Microbial biomass responses to soil drying and rewetting: The fate of fast- and slow-growing microorganisms in soils from different climates

Abstract

Two soils from a temperate humid climatic region and one soil from a tropical subhumid area were incubated with 14C-labelled plant material for 27 days. Samples from each soil were then subjected to (1) drying at 40°C for 3 days, remoistening and incubation at 25°C for 10 days, or (2) storage at 4°C for 3 days and incubation. One of the soils (a silty loam from a temperate climate area) was also treated after 7 days of incubation with 14C-labelled plant material. During drying or storage and subsequent incubation of soils, biomass 12C and 14C were determined using a fumigation-extraction method. The amounts of 12CO 2 and 14CO 2 evolved and inorganic N released during 10 days' incubation were monitored. When the silty-loam soil was dried after 7 days of incubation with added plant material, biomass 14C decreased by 63% when compared to stored control soils.
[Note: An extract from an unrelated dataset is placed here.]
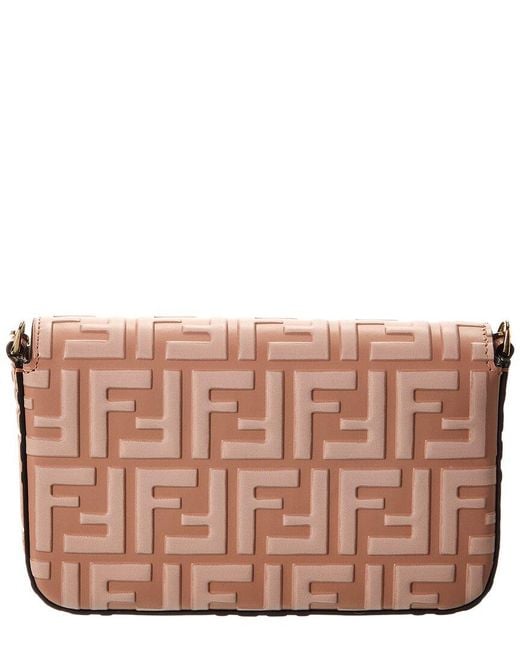Fendi Brown Ff Diamonds Leather Wallet On Chain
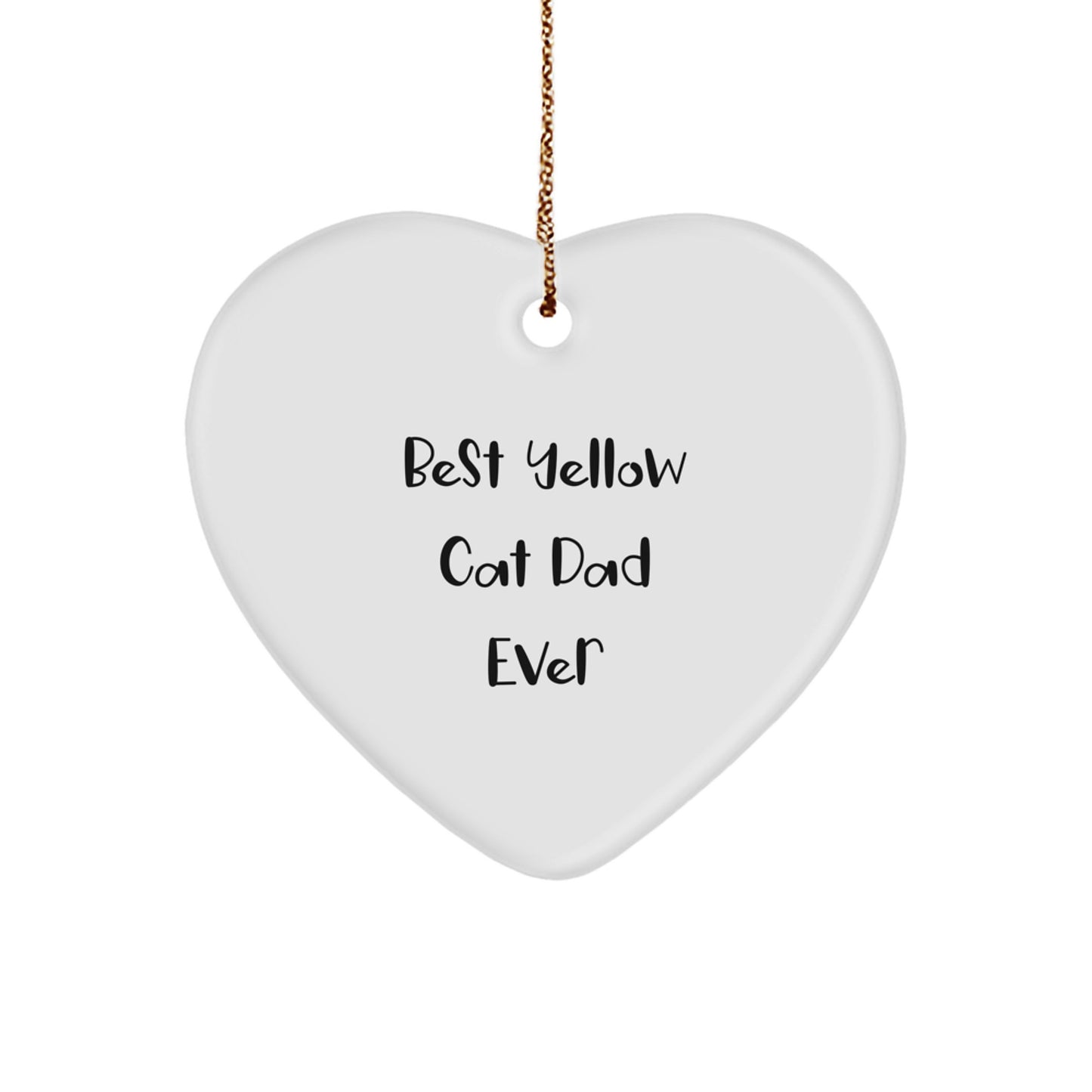 Funny Yellow Cat Dad Ever Gifts from Family for Christmas Unique Heart Ornaments, Best Yellow Cat Gifts for Men, Women, Friends, Coworkers, Family - Image 1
A smaller relative decline in biomass 14C (viz. 40%) was observed when this soil was subjected to drying 27 days after addition of plant material, suggesting that actively-growing microorganisms are more susceptible to desiccation than populations with slower growth rates. Relative decreases of biomass 12C by drying were similar for the three soils of various texture classes and carbon contents, and ranged from 14 to 30%. It was concluded that desiccation resistance was mainly determined by intrinsic properties of soil biota, presumably cell wall characteristics. For both soils from temperate climatic regions, biomass 14C declined relatively more after soil drying than biomass 12C. In contrast, similar relative decreases in biomass 14C and biomass 12C caused by drying were observed for the tropical soil. Adaptation of the microbial communities to frequent and severe desiccation of the latter soil in its natural environment, was suggested to explain those observations. Drying and rewetting of soils enhanced carbon and nitrogen mineralization during subsequent moist incubation. It was inferred that the sources of mineralization flushes were partly biomass killed by drying, and partly non-living (labelled and unlabelled) organic residues. The sizes of flushes appeared to be influenced by soil properties such as carbon content and texture.